*Exercise details*
Return each line of the data below exactly, omitting any pictures.

*Given data*

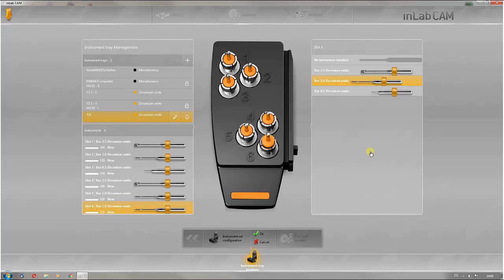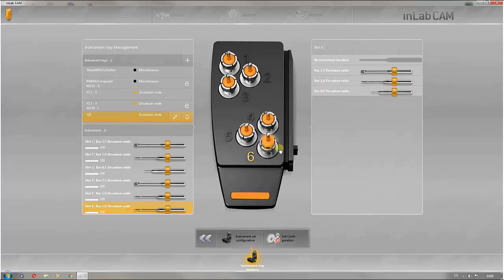Clicking on OK saves the instrument tray. This tray can then be used for all available machines.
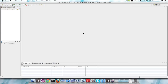Today I'm going to show you how to get started with RobotLegs, which is a framework for Flash and Flex. It works in Flex 3, Flex 4, and ActionScript 3.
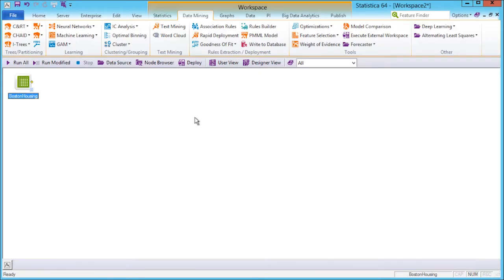Before adding to the workflow, let's quickly review the ribbon bar. The Statistica ribbon bar is a visual navigation tool for accessing Statistica features.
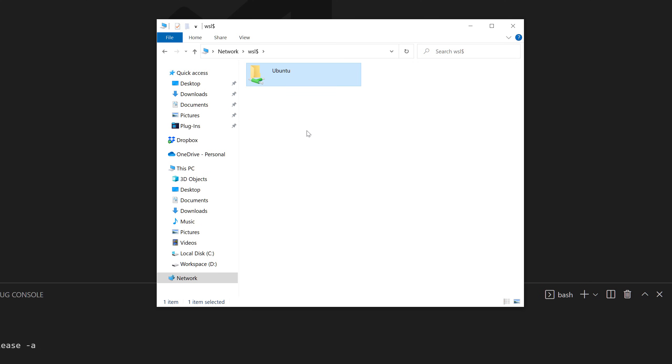By the way, if we close VS Code or if we close the Ubuntu app, then you won't see those network drives here. Because if you shut down this operating system, this virtual system, then of course the network connection to its folders will be also closed.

*Output of the exercise*
Clicking on OK saves the instrument tray. This tray can then be used for all available machines.
Today I'm going to show you how to get started with RobotLegs, which is a framework for Flash and Flex. It works in Flex 3, Flex 4, and ActionScript 3.
Before adding to the workflow, let's quickly review the ribbon bar. The Statistica ribbon bar is a visual navigation tool for accessing Statistica features.
By the way, if we close VS Code or if we close the Ubuntu app, then you won't see those network drives here. Because if you shut down this operating system, this virtual system, then of course the network connection to its folders will be also closed.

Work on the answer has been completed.